One quick observation on that. As he mentioned he does not quote, Paul does not quote Jesus very often. But the irony here is that one of the times he does quote Jesus, Acts 2035, it is better to give them to receive.
We don't have anywhere else. That's right. Go ahead Justin.
Doug talks a little bit about NT Wright and his influence because there's a certain set of folks who read Pauline scholarship and someone like Tom Wright's work has broken out beyond just the nerds among us to read Pauline monographs for a living. So I'm thinking here of a pastor who has younger people and they're true to our reading right and what does he get right? That pun is often used and abused. And what does he get wrong? What are the things that his work has shown us that perhaps others haven't and where are some places where you would offer caution to especially the younger Christian who is enamored by his brilliance and his ability to wordsmith and to offer synthesis in a way that feels like nobody else is seeing this or seeing this.
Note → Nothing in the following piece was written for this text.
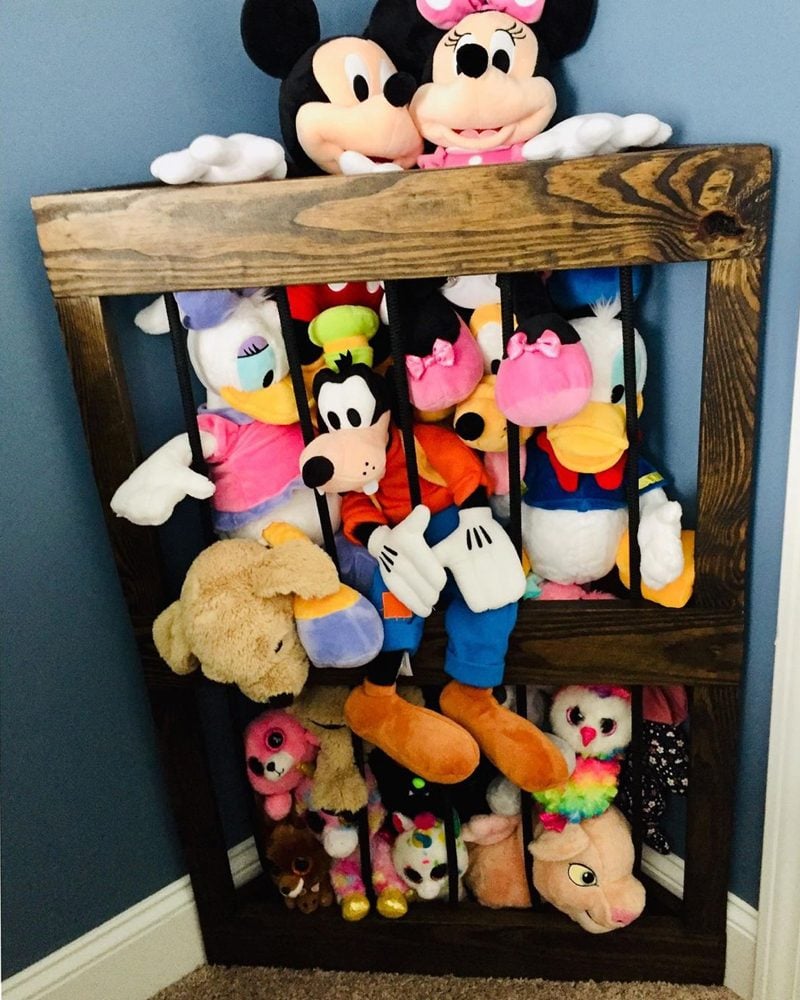 Stuffed Animal Toy Storage - DIY Inspired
You know Justin I think I'm going to have to decide not to answer that directly. It would be very hard for me here off the top of my head to come up with any kind of a list of things he gets right and things where I would want to quarrel with him. I would say in general that and again I know that not everyone would agree with this so said I'm very thankful for Tom Wright because I think his ability to present the fundamentals of the gospel in various contexts where people are hearing that gospel through him is a real gift to the church and I appreciate that.
Again as I said before I think I respect him for having moderated some of his views over the years. He's listened to people and I appreciate that about him. Yes there are again points where I disagree with him in terms of where I think he unnecessarily creates issues for traditional reformational theology that he maybe not does doesn't need to do.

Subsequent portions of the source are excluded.